Thanks to a new study published in the Journal of Strength and Conditioning Research, it seems that 75 seconds of downtime might be the most time-efficient way to train, helping you get through your workout almost 40% faster.
The team wanted to analyze the effect of a fixed-length rest period compared to a variable one, where the exerciser took a break as long as they wished to after each move.
They took 33 men with resistance training experience and put them into two; the Fixed Rest Interval (FRI) group with 75 seconds between sets and the Self-Selected Rest Interval (SSRI) cohort with no prescribed rest length.
Both training groups completed to failure three sets of chest presses, lat pull-downs, shoulder presses, and seated rows at 75% of their one-rep maximum (1RM), the highest weight they can lift for a single repetition without failure.
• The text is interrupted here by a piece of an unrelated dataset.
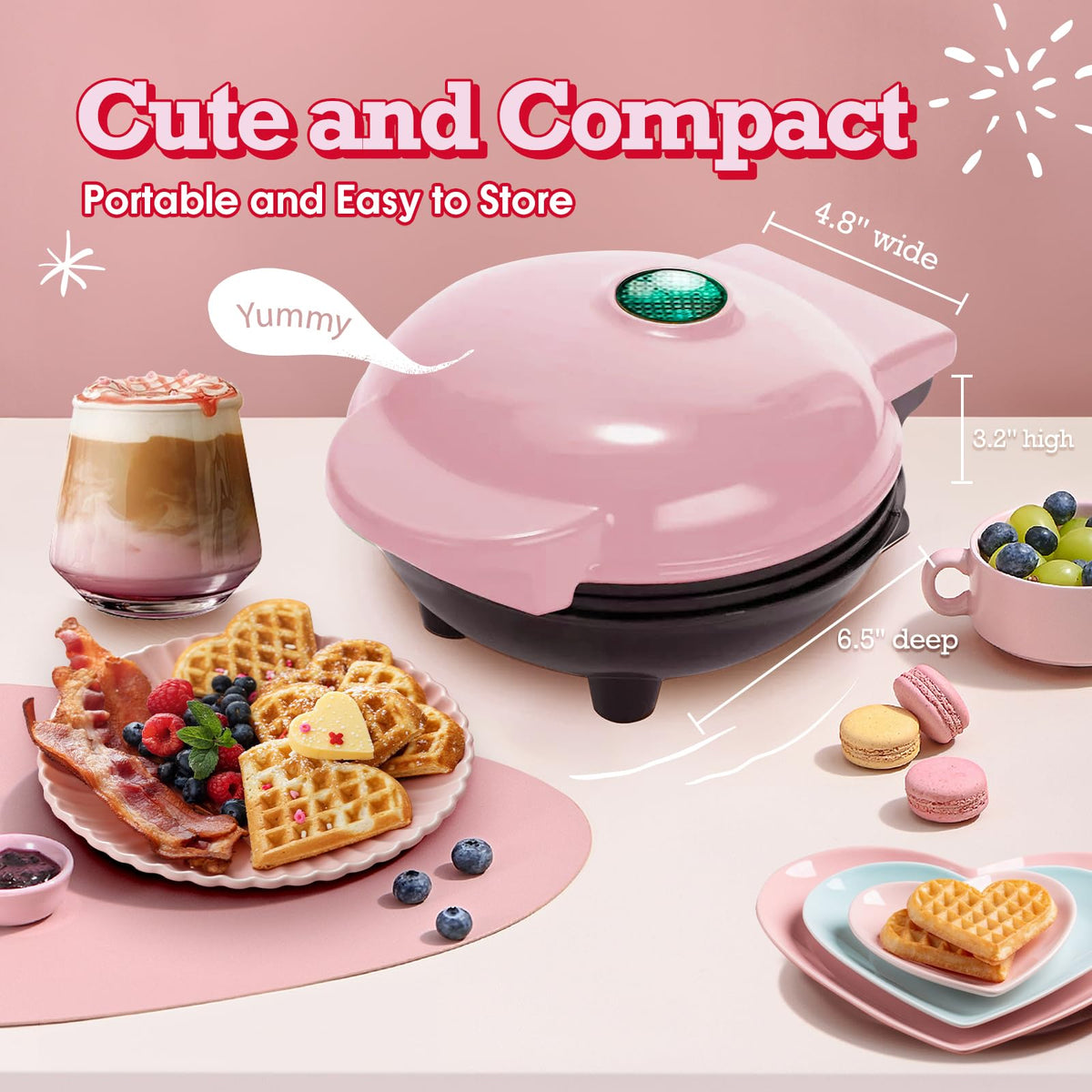 GVAKMM Mini Waffle Maker Heart pink includes eco-friendly bamboo cutlery for mess-free meals.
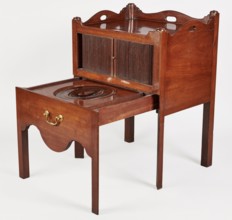 Bedside table with toilet, 4th quarter of the 18th century, England. Bedstand with toilet: tambour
Across the eight-week study period, each group trained three times per week. After looking through the data, the researchers found that the SSRI group could continue for more reps than the FRI participants.
Despite this, there were no strength differences between the two groups at the end of the trial. So, although they did fewer reps, the FRI cohort got stronger in 37% less time than the SRRI group, suggesting that the rest period plays a crucial role in building muscle.
This adds to a growing body of evidence that longer rests between sets can actually build muscle faster, with previous research finding that a three-minute break was the most effective way to make gains across eight weeks.
The key takeaway is that even after you've nailed how to deadlift with dumbbells, if you really want to see impressive muscle growth, it's important to store the weights away for a moment, take a breather, and reset before the next set.
If free weights aren't your thing, but you still want to build muscle and maintain strength, consider investing in a set of the best resistance bands instead. These are an affordable alternative to weights and are available in several strengths.
Get the Fit&Well Newsletter
Start your week with achievable workout ideas, health tips and wellbeing advice in your inbox.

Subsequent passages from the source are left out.